How to complete this task: Please transcribe the data below exactly. Leave the pictures out.
++++
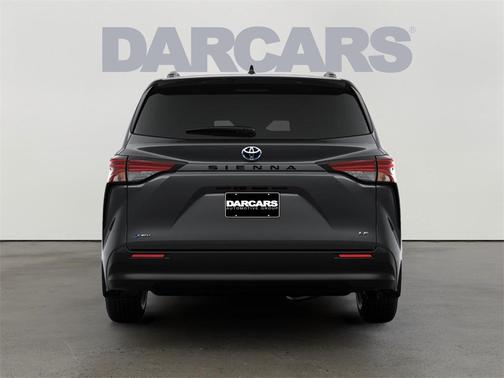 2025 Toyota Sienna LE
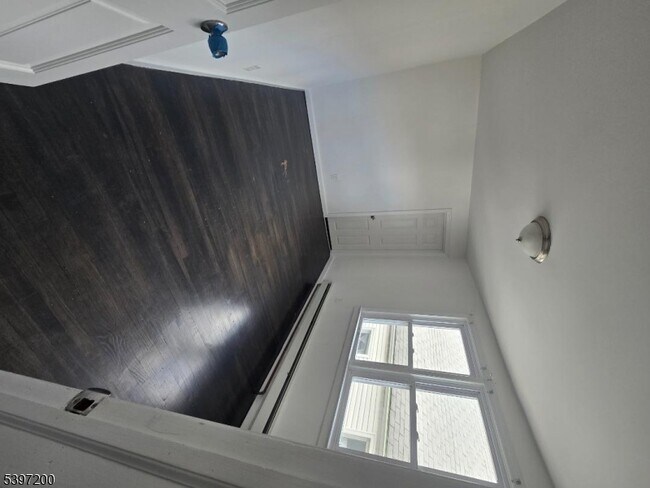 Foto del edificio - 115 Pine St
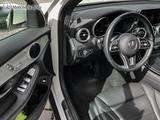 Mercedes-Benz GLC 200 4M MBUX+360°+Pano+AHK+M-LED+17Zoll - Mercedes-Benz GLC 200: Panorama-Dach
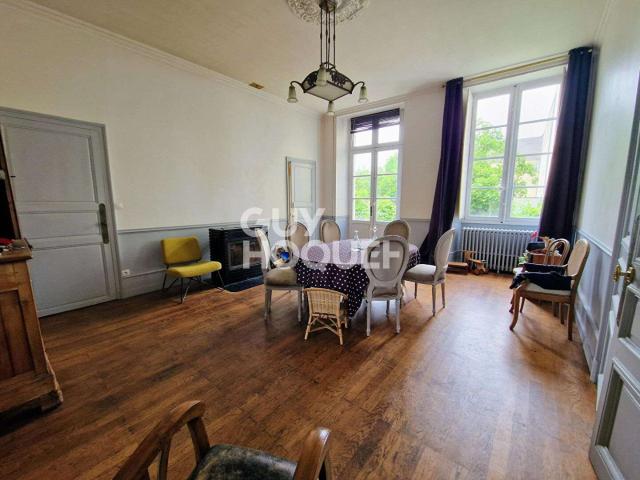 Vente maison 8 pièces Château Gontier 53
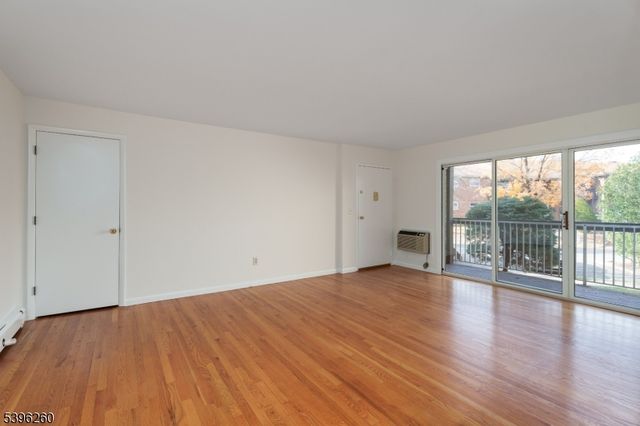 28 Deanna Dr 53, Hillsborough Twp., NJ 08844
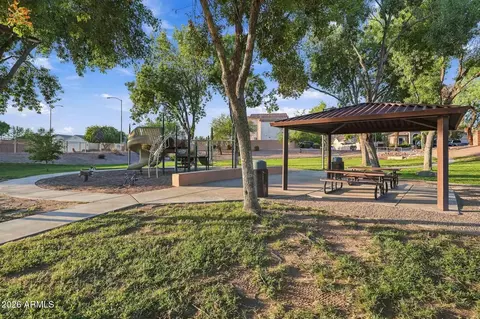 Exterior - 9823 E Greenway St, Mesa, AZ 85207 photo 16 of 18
++++
Response area:
 2025 Toyota Sienna LE
 Foto del edificio - 115 Pine St
 Mercedes-Benz GLC 200 4M MBUX+360°+Pano+AHK+M-LED+17Zoll - Mercedes-Benz GLC 200: Panorama-Dach
 Vente maison 8 pièces Château Gontier 53
 28 Deanna Dr 53, Hillsborough Twp., NJ 08844
 Exterior - 9823 E Greenway St, Mesa, AZ 85207 photo 16 of 18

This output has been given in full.